There is a non-clustered index on the rowid and the table is not in rowid order.

This query is run 5 different times against the MDM_C_PARTY_HIST table matching to different tables and fields each time.

Here is one of the queries - in this case the PH.ROWID_OBJECT and the BU.ROWID_OBJECT have indexes but the PH.ROWID_BU does not.

SELECT
MIN(PH.HIST_CREATE_DATE)
FROM
dbo.MDM_C_PARTY_HIST AS PH
JOIN dbo.MDM_C_LKP_BU AS BU ON PH.ROWID_BU = BU.ROWID_OBJECT
WHERE
BU.BUS_UNIT_NAME <> 'PENDING'
GROUP BY
PH.ROWID_OBJECT

I have left this query run for 25 min and gotten no results. When I look at the query plan it says it\ estimates 580993000 rows.

Here is the question:
I am not sure the best approach for getting this to work.

Do I make the PH.ROWID_OBJECT index clustered instead of nonclustered?
Do I add an index for each field that the the BU.ROWID_OBJECT is being joined to on the PH table?

I am worried that adding more indexes will affect the load process. This table already takes more than an hour to load. If I add 5 more indexes, or add a clustered index won't that just show it down even more?

Is there a better approach to take ? I am at a total loss for how to address this.

Thanks


#2

as a starter without yet creating indices
which of these 2 tables has the least rows now
MDM_C_PARTY_HIST or MDM_C_LKP_BU


#3

Tables without a clustered index (aka heaps) generally don't perform well in SQL Server, particularly if the data in them changes and you end up with large numbers of forwarded records.
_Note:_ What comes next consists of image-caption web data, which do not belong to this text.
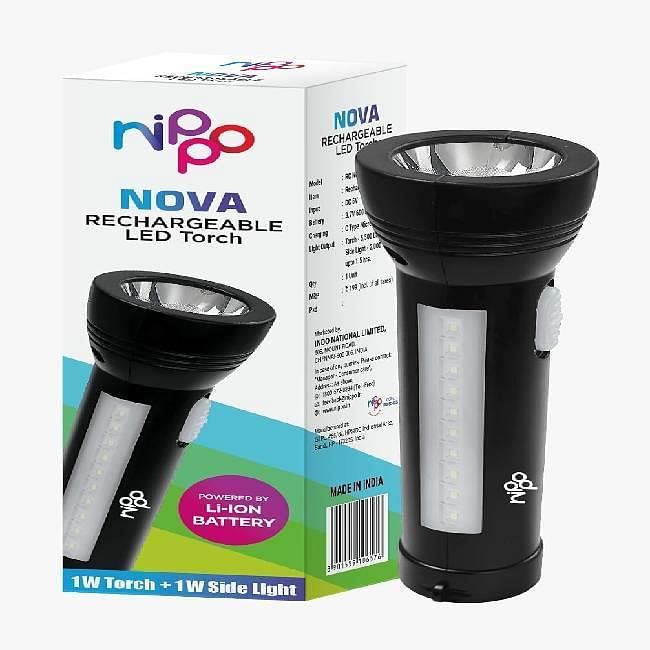 Nippo Nova rechargeable LED torch with Slide light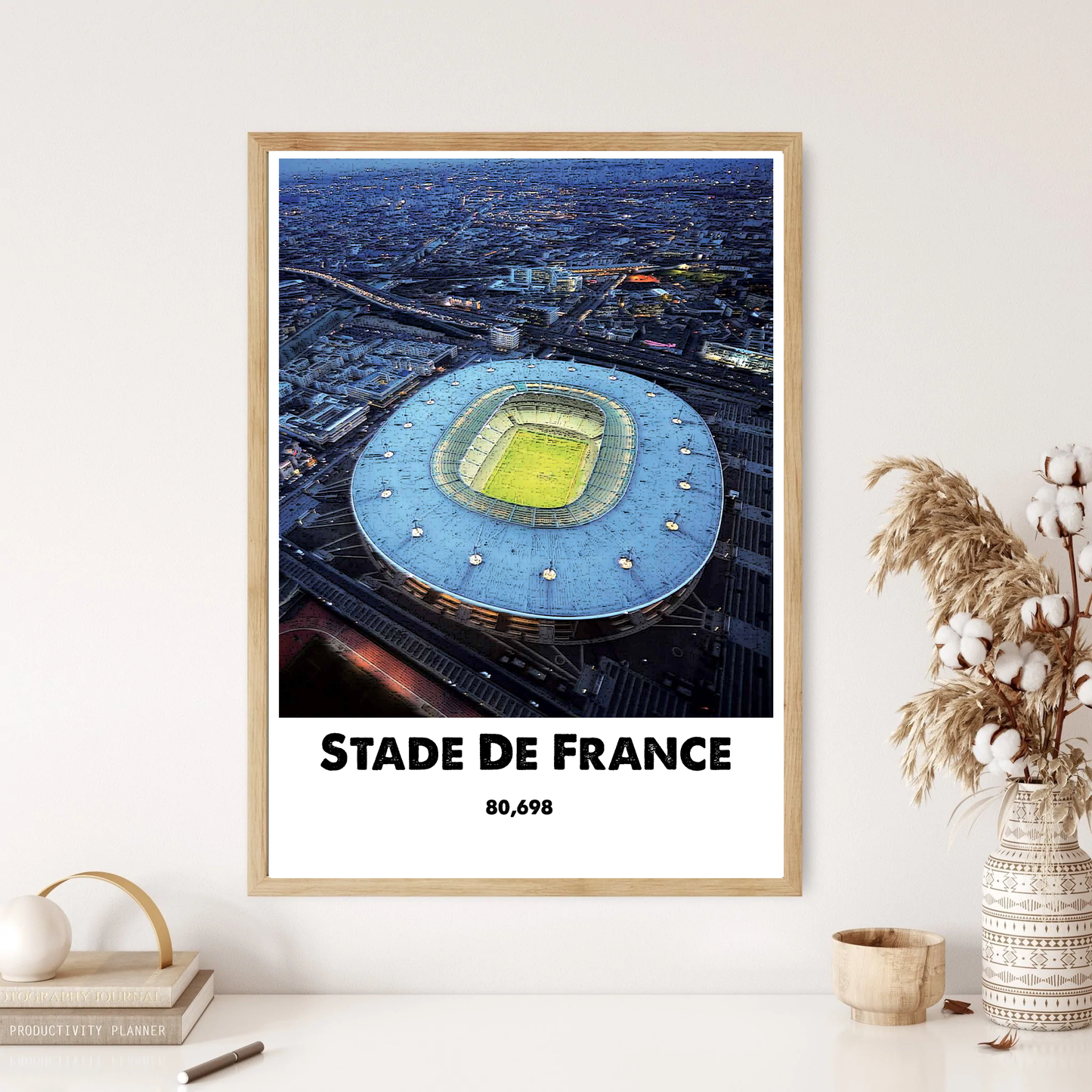 Stade De France Football Wall Print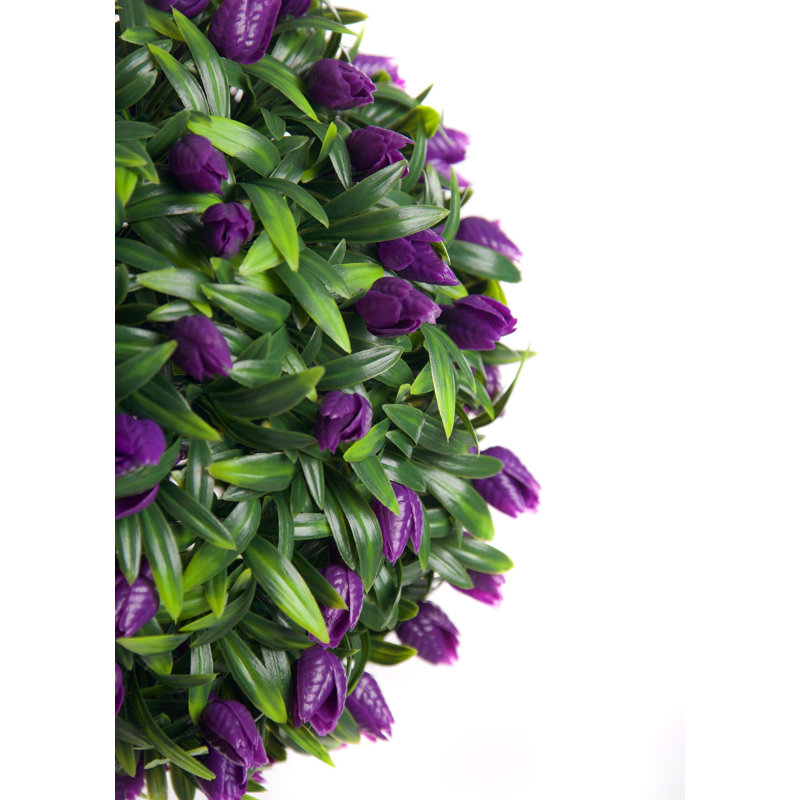 Faux Plant, 24cm H x 24cm W x 24cm D, Purple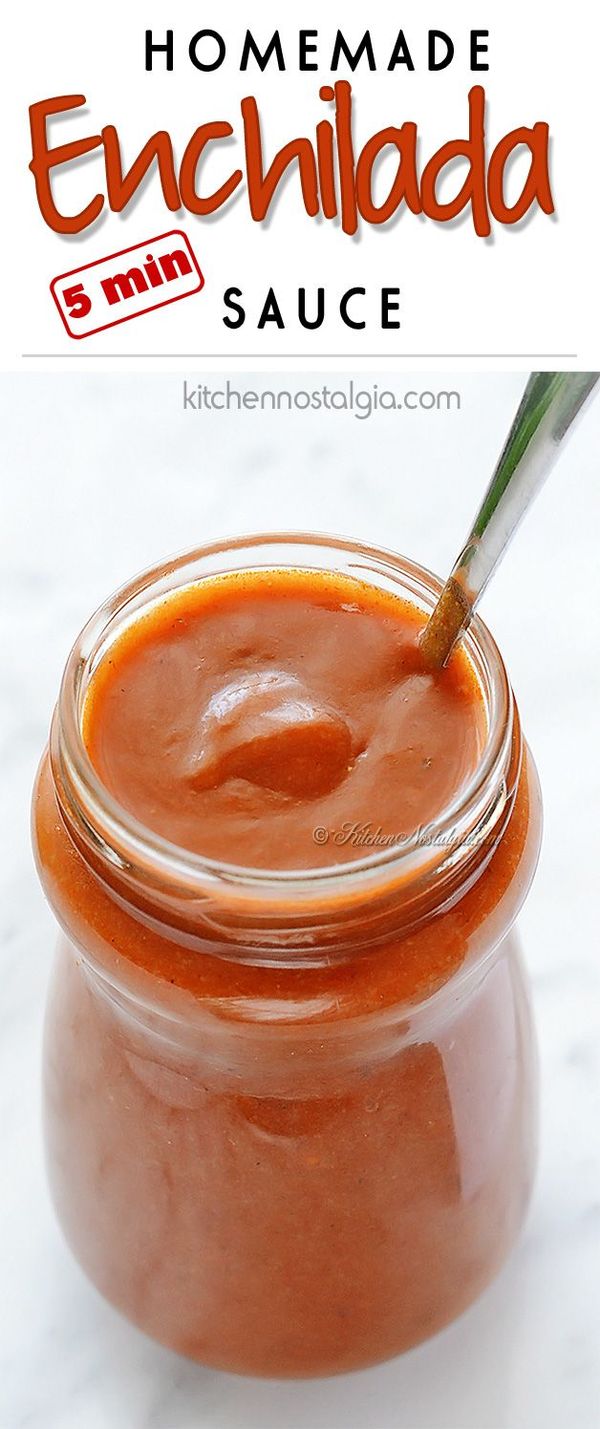 Homemade Enchilada Sauce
Adding an appropriate CI is often a good solution particularly if there is something which meets the usual criteria of "small, incrementing and unique" as that will usually be sufficient to ensure performance doesn't take too much of a hit during inserts of new data.

If not, rebuilding the table can help because doing so will remove all forwarded records that currently exist:

ALTER TABLE tablename REBUILD

If that does help though, it's probably a sign you need to monitor such heaps for forwarded record counts and factor the need to rebuild the table into your maintenance procedures.


#4

The most critical performance factor for any table is to first get the best clustered index in place on that table.
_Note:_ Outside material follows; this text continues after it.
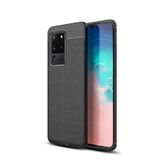 Microcase Samsung Galaxy S20 Ultra Leather Tpu Silikon Kılıf - Siyah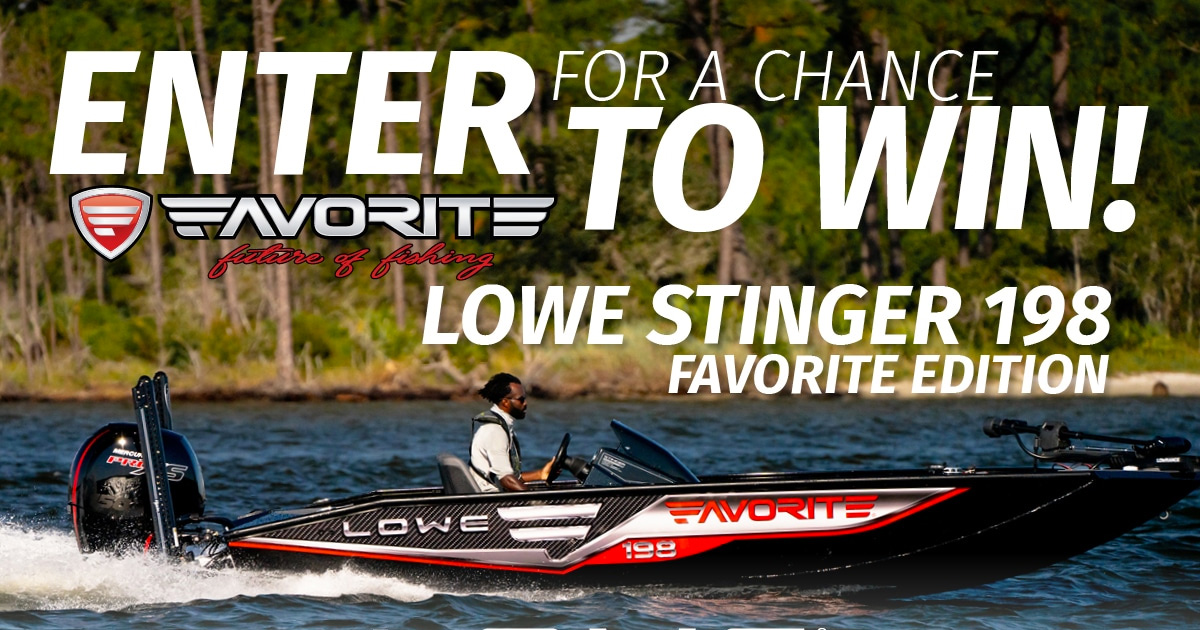 The 2023 MLF Lowe Stinger 198 Favorite Edition Bass Boat Giveaway The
  1. Drop all nonclus indexes on table PH

  2. Create a clus index on PH on ( ROWID_BU ), with FILLFACTOR of 95 or more

  3. Recreate any other nonclus index(es) that you truly need on PH, but none that start with ROWID_BU since that's the clus index key

  4. Drop all nonclus indexes on table BU

  5. Create a clus index on PH on ( ROWID_OBJECT ), with FILLFACTOR of 95 or more

  6. Recreate any other nonclus index(es) that you truly need on BU, but none that start with ROWID_OBJECT since that's the clus index key


#5

[yosiasz] MDM_C_LKP_BU is smaller - it only has 57 rows
the other table has 580993000 rows


#6

Hi AndyC - thanks for responding - I dropped all the indexes on this table and recreated the non-clustered index about a week ago. As I understand it that would mean there isn't a lot of forwarding happening correct? Or does the forwarding not get addressed in this manner?


#7

No. Again, non-clustered index is only useful in very specific cases. For best performance, you must cluster the large table on how you query it most often. You could spend hours futzing about with non-clus indexes and still not really get any performance gain from it.


#8

ok thanks this is very helpful


#9

No, it wouldn't help with the forwarded records problem. Unlike a table with a clustered index (where all the data is effectively in an index) the table data in a heap is independent of the indexes. The only way to clean up the forwarded records is to rebuild the table.